**Assignment:**
Keep the wording of each record exactly the same when you repeat it, and leave out pictures.

START Data to use

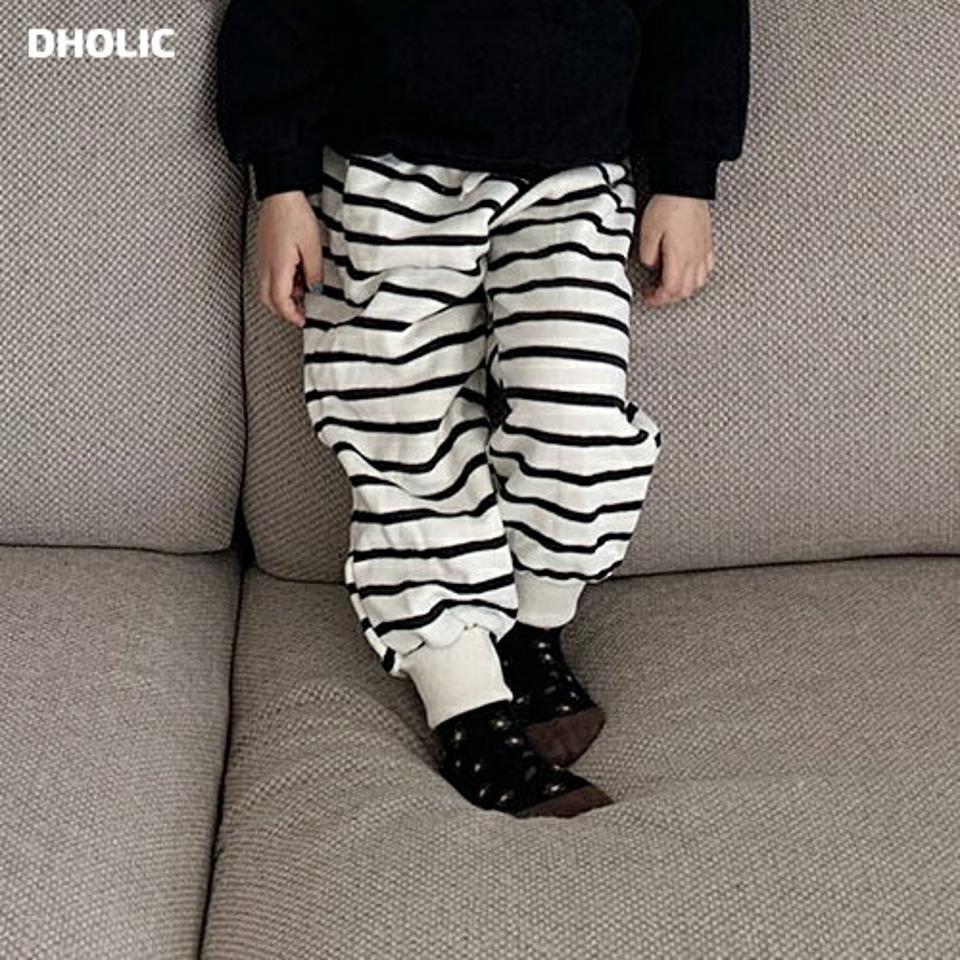 【キッズ30%OFF】2TYPE裏起毛ジョガーパンツ(kids)・u09488 キッズ【3~8才】【pt】【パンツ ズボン ロングパンツ 長ズボン ジョガーパンツ 裏起毛 ボーダー柄 単色 無地 シンプル カジュアル ラフ 女の子 男の子 冬 韓国 韓国子供服 子供 こども 子供服 こども服】【KIDS】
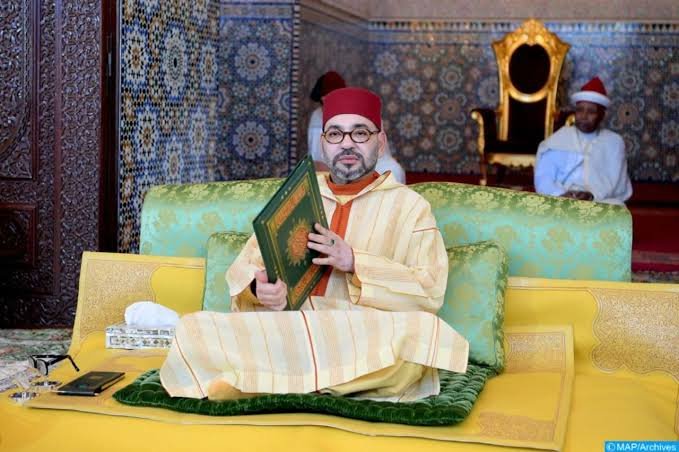 الملك محمد السادس يترأس بالرباط حفلا دينيا بمناسبة الذكرى 28 لوفاة الحسن الثاني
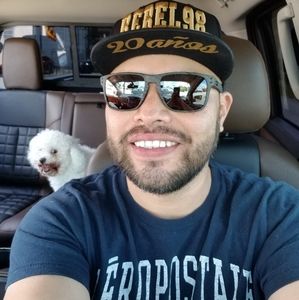 Meet your Posher, Cesar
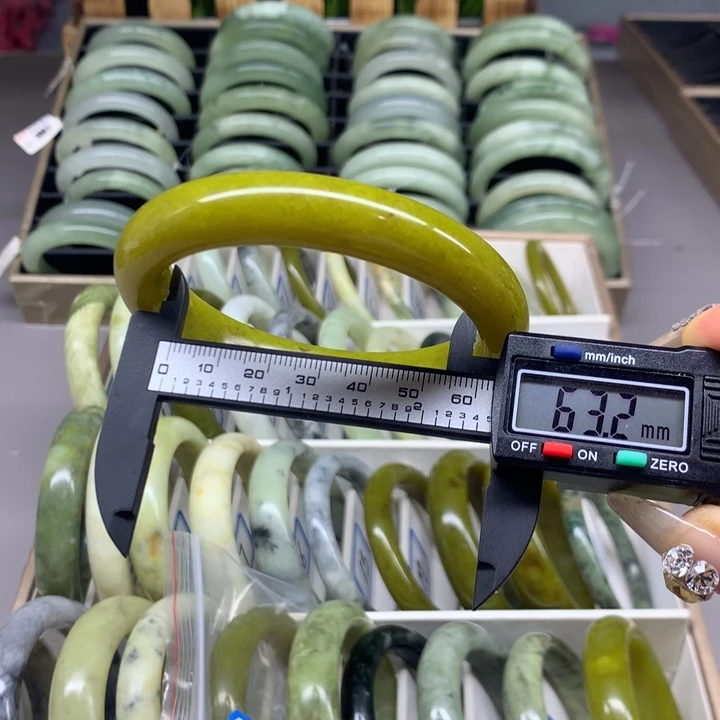 未镶嵌蛇纹石玉手镯40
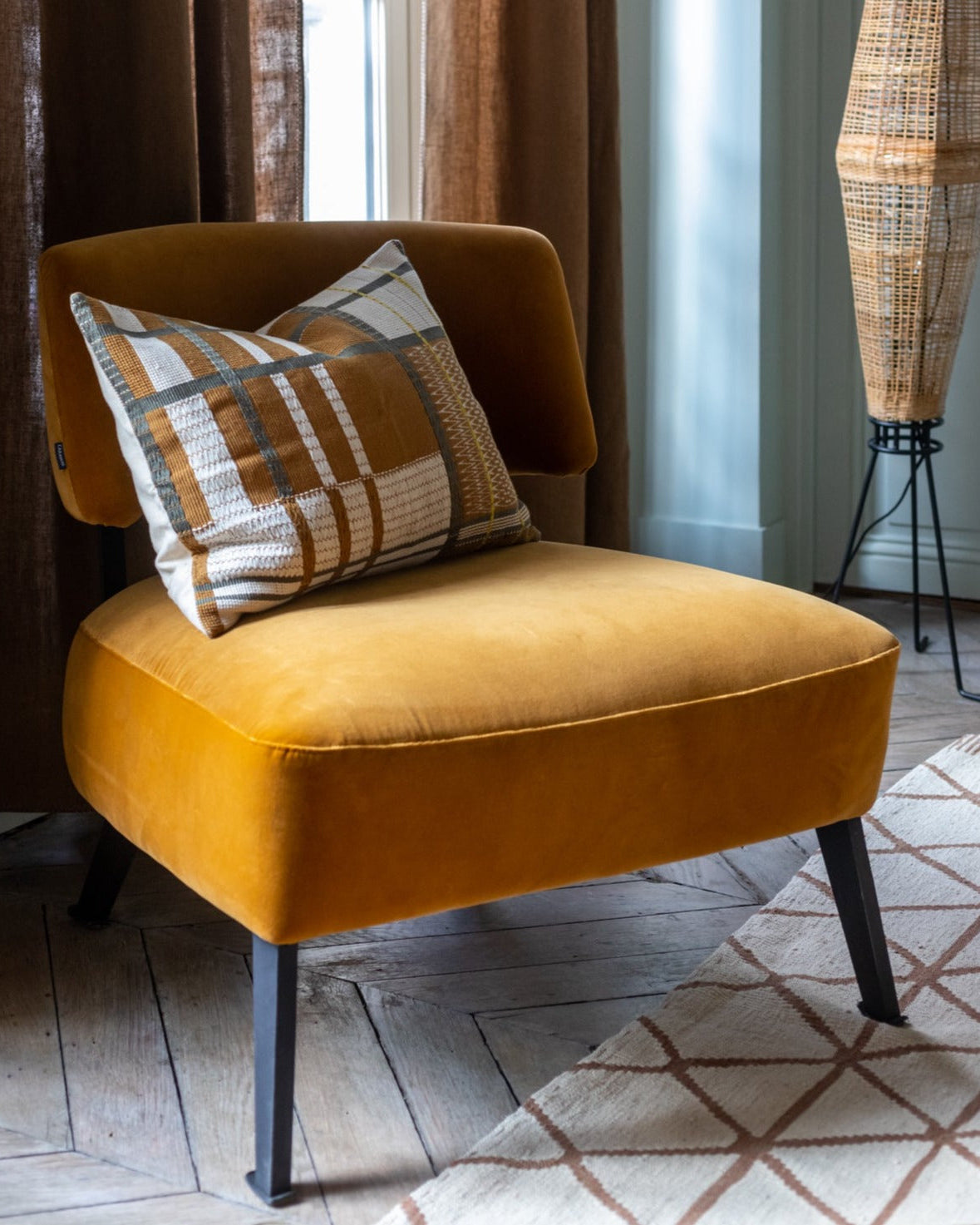 Kaar armchair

END Data to use

**Task output:**
 【キッズ30%OFF】2TYPE裏起毛ジョガーパンツ(kids)・u09488 キッズ【3~8才】【pt】【パンツ ズボン ロングパンツ 長ズボン ジョガーパンツ 裏起毛 ボーダー柄 単色 無地 シンプル カジュアル ラフ 女の子 男の子 冬 韓国 韓国子供服 子供 こども 子供服 こども服】【KIDS】
 الملك محمد السادس يترأس بالرباط حفلا دينيا بمناسبة الذكرى 28 لوفاة الحسن الثاني
 Meet your Posher, Cesar
 未镶嵌蛇纹石玉手镯40
 Kaar armchair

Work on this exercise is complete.